We note that the same addition of rain, snow, and cloud droplets does not apply to the transmission of short-wave radiation. Water is transparent to short-wave radiation, and clouds reflect it by refracting it through millions of microscopic droplets. But rain and snow contain thousands of times fewer drops and crystals for a given depth of water, so they are thousands of times less effective at refracting sunlight.

For simplicity, we will assume the water in a cell is either transparent or opaque to long-wave radiation, but not in-between. If the combined concentration of rain, snow, and cloud droplets in a cell is greater than wc_opaque, we will assume the entire gas cell is opaque to long-wave radiation. Otherwise, the cell will absorb long-wave radiation as if it were dry, as determined by our transparency_fraction. With our 300-kg cells, a concentration of 0.33 g/kg corresponds to 100 μm of water.

Now we are faced with the possibility of multiple layers of cloud, snow, and rain, all absorbing and emitting long-wave radiation in all directions. The first simplification we make is to assume each gas cell radiates only vertically upwards and downwards. Because our columns of cells are much the same as one another on average, the net effect of this simplification will be small. Even with this simplification, we see that a cloud can absorb radiation from a cloud below, and emit radiation back to that same cloud below, and upwards to a third cloud.

We will calculate the effect of long-wave radiation in the following way. We start at the surface and allow it to radiate as a black body. We allow this upward radiation to enter the first gas cell. We calculate how much is absorbed by the cell and how much keeps going. We calculate how much power the gas cell itself radiates upwards. We add this to the existing upward radiation. We move on to the cell above, and so on, until we get to the tropopause.

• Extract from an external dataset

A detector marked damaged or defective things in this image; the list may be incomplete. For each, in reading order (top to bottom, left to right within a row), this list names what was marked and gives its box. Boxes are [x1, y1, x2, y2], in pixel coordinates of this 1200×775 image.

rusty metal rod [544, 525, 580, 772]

At the tropopause, we assume the atmosphere above is transparent to long-wave radiation, so all upward-going radiation passes out into space.

We repeat the same process, going down. We start with the tropopause gas cell in each column and move down cell by cell until we arrive at the bottom, at which point all the downward-going radiation is absorbed by the surface. We first considered this kind of downward-going long-wave radiation in our Back Radiation post. It is distinct from the solar radiation that penetrates the atmospheric clouds because it is radiation emitted by the clouds, rain, snow, and atmospheric gas themselves.

In any cell, the long-wave radiation going up is the upwelling radiation and the long-wave radiation going down is the downwelling radiation. At the tropopause, the upwelling radiation is the heat leaving our planetary system. It is our total escaping power. When our simulation converges to equilibrium, we should find that the average solar power penetrating to the surface is equal to the average total escaping power.